Di più: secondo Filippo Miraglia, responsabile Immigrazione di Arci, siamo in presenza di «un salto di qualità verso la negazione del diritto d’asilo. È il tentativo – prosegue – di cancellare il principio di non respingimento, che è il principio cardine della Convenzione di Ginevra. Se possiamo respingere verso Paesi che ciascun governo europeo può decidere essere sicuri chiunque arrivi alle nostre frontiere, abbiamo di fatto cancellato con un colpo di spugna ogni possibilità di chiedere asilo in Europa».

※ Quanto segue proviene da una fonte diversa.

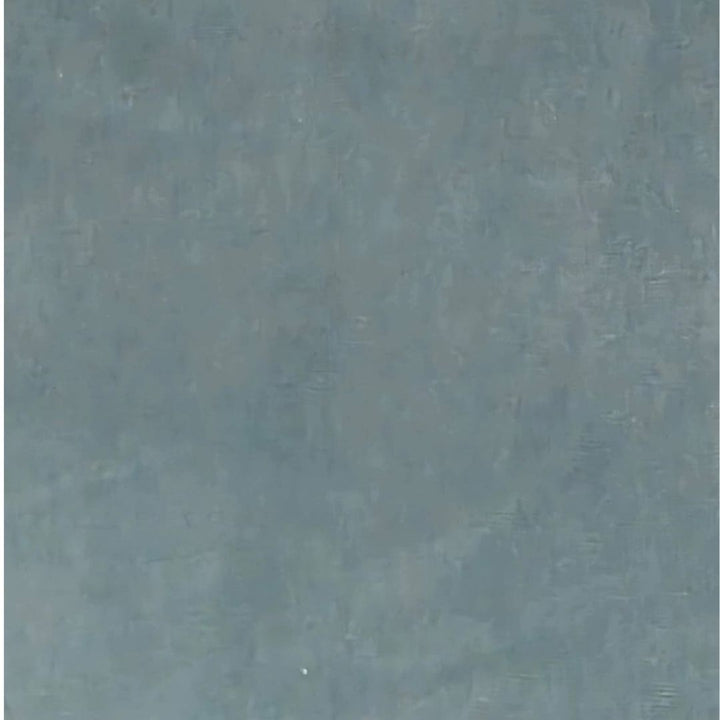 Upholstery Fabric - Suede - 140cm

Si riproporrebbe in tal modo, a livello continentale, lo stesso scenario che la società civile nel nostro Paese sta contrastando in ogni modo: la deriva emergenziale, la messa in stato di irregolarità permanente di centinaia di migliaia di vite umane, costrette a vagare da un confine all’altro per trovare un posto sicuro. Uno scenario che forse la Commissione, molto impegnata a trovare una sintesi equilibrata tra istanze nazionali oggettivamente diverse, ha finito per sottovalutare.

«Il principio – spiega Miraglia – è quello applicato con la Turchia: paghiamo qualsiasi dittatore per fare il lavoro sporco che noi non possiamo fare». Di questo passo, però, la politica dello scaricabarile è destinata a innescare soltanto altre crisi umanitarie.